EXERCISE AIM: The lines to retype run from the one containing "2017年监理师投资控制章节考点:建设工程投资构成概述_中大网校" through the end of the listing below. Reproduce them exactly, leaving out pictures.

PROVIDED MATERIAL below:

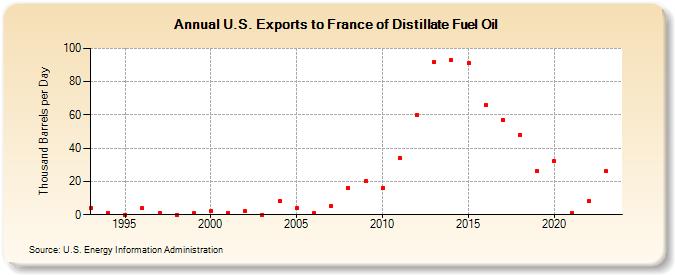 U.S. Exports to France of Distillate Fuel Oil (Thousand Barrels per Day)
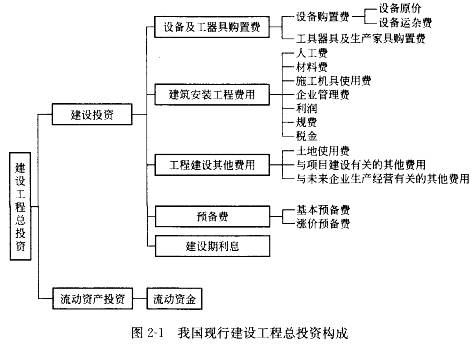 2017年监理师投资控制章节考点:建设工程投资构成概述_中大网校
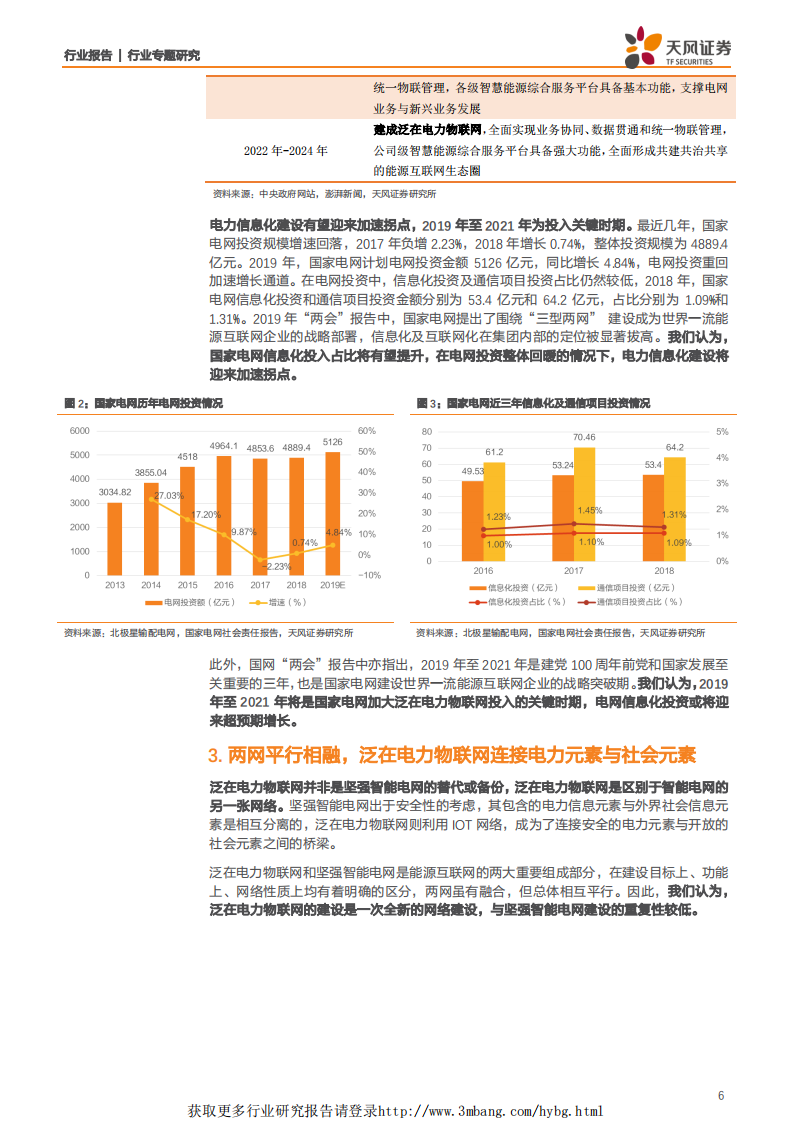 计算机应用行业：泛在电力物联网成主线，信息化占比有望显著提升-190325.pdf 第6页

End of PROVIDED MATERIAL.

SOLUTION TO THIS TASK:
 2017年监理师投资控制章节考点:建设工程投资构成概述_中大网校
 计算机应用行业：泛在电力物联网成主线，信息化占比有望显著提升-190325.pdf 第6页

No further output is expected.